こうした新たな動きは、業務の利便性を大幅に向上させる半面、企業に新たな課題を突きつけることになった。すなわち、インターネット上のサービスへの不用意なアクセスに起因する情報漏えいやマルウェア感染のリスク、また業務に関係しないインターネットアクセスの増大だ。米国の人事コンサルティング企業Salary.comの調査によれば、一般的な企業の従業員は、総労働時間の60~80%を仕事とは関係がないインターネットアクセスに費やしているという。またマルウェアに感染させる手法も、以前と比べてより手の込んだものになっている。以前であればユーザーがマルウェアに感染しているサイトへ直接アクセスしなければ感染のリスクは低かったが、最近はマルウェアに感染していないサイトにアクセスしても、感染してしまうケースが急増している。
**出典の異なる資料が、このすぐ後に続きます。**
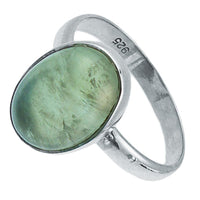 Cargar imagen en el visor de la galería, Silber Ring Prehnit 14 mm grün oval eingefasst 925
2014年に日本で起きた事例として、観光客向けWebサイトの例を紹介しよう。まず攻撃者は、WebサイトにあったSQLインジェクションの脆弱性を突き、ページを改ざん。改ざんの内容はWebページにIFRAMEタグを使ったHTMLコードを埋め込むものだった。IFRAMEタグを使うと、HTMLファイルの中にフレームを作って、その中に別のWebサイトのHTMLファイルを表示させることができる。この仕組みを悪用し、ユーザーからアクセスがあると、ユーザーが気づかない間に脆弱性を攻撃するプログラムが仕掛けられたエクスプロイトサイトにアクセスさせる。このケースでは、エクスプロイトサイトにはIE 9の脆弱性を悪用して不正コードをインストールさせるためのプログラムが埋め込まれていた。このプログラムは、オンラインバンキングへのアクセスをクライアント端末上で監視し、IDやパスワードなどの情報を盗もうとするものだ。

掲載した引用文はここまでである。